La satisfacción me la dio un zapatero, de los que ahí y antes se calificaban de remendones. Se había instalado en una esquina de la Avenida con la calle en la que están tres de los cinco o seis restaurantes que hay en esta ciudad. Era joven y su aspecto era de muy pobre. Sentado en el suelo intentaba arreglar una sandalia de la que solo tenía la suela entre las manos. A su lado, otro mozo le daba conversación. Les hice una foto desde lejos y el acompañante se dio cuenta y se lo dijo. Me miraron. Entonces me acerqué y le pedí permiso. Me dejó. Al verle a través de la cámara me di cuenta de que le faltaba una pierna de rodilla para abajo. Le hice las fotos y le pregunté cómo la había perdido. Me contestó algo en su lengua y sonrió cordial y amablemente. Entendí que ya no le importaba como había sido.

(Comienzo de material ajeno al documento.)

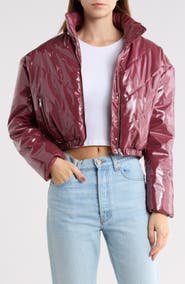 Vigoss Faux Leather Crop Puffer Jacket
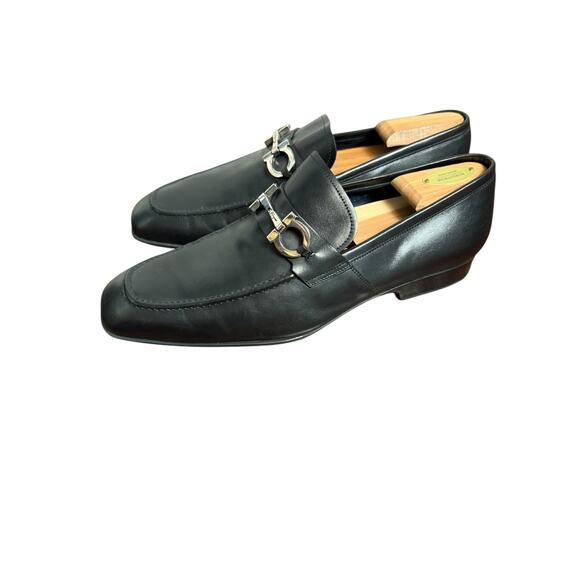 Ferragamo Black Italian Leather Gancini Bit Square Toe Slip On Dress Loafer 10.5 main image 4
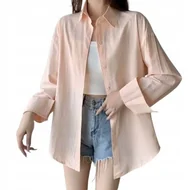 Koszule damskie - BAWEŁNIANA LUŹNA KOSZULA DAMSKA NA GUZIKI BRZOSKWINIOWA KOLOROWA - miniaturka - grafika 1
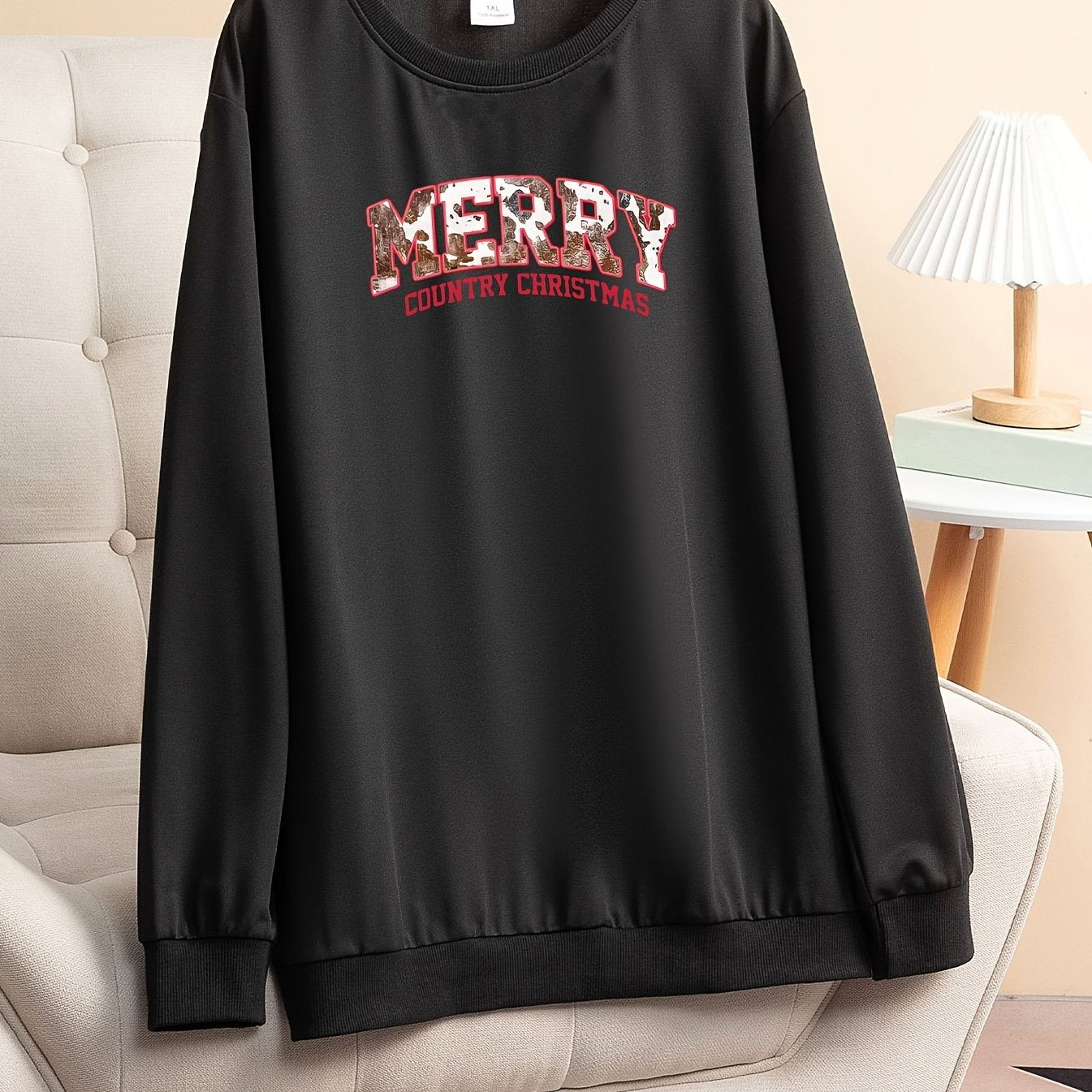 Plus Size Christmas Lounge Top Women Round Neck Medium Stretch Sleepwear Tee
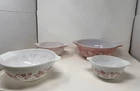 Pyrex Pink Gooseberry Set Cinderella Mixing Bowls 441 442 443 444 Vintage VGC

Cuando encuentro a alguien que es capaz de conseguir el equilibrio en medio de tales circunstancias, me entran ganas de pedirle la chaqueta. Mi padre me dijo un día, en que yo me recuerdo muy pequeño, en que para ser feliz solamente había que ponerse la chaqueta de un hombre feliz. Y me contó que hubo un hombre que después de mucho preguntar encontró a un peón caminero, que estaba retirando la maleza del arcén de su carretera, que le respondió que sí, que él era feliz. Y rápidamente le ofreció todo el oro del mundo por su chaqueta. Ah! Cuanto lo siento, le respondió el peón caminero, pero es que no tengo chaqueta.
Muy pocos años después, cuando yo empezaba en el colegio de mayores, me hice amigo de un niño que era hijo de un señor que tenía un ultramarinos muy grande. Y un día me contó un secreto, que su padre era peón caminero de la carretera que pasaba por la aldea de sus abuelos, cerca de Carballo. Y es feliz? Le pregunté apresurado. Si, me respondió mi amigo, él le paga a un vecino para que le haga ese trabajo. A pesar de aquella revelación, me siguieron atrayendo las chaquetas de las personas como el zapatero cojo, y nunca las de señores como Emilio Botín, por ejemplo. Por cierto, que seguro que se la compró a alguien que le dijeron que era feliz y ni se le ocurrió mirar la talla, porque le queda siempre muy ajustadita.
Yo creo que no se ríen porque no te entienden, Otero. Háblales más y ya verás como les levantas el ánimo.
Abrazos
MR
Los dos últimos parecen de la pasarela de NY! Son para ver las gafas o de postureo?
Me encanta la historia de la chaqueta! La abuela te manda besos…. le voy a pedir su chaqueta!!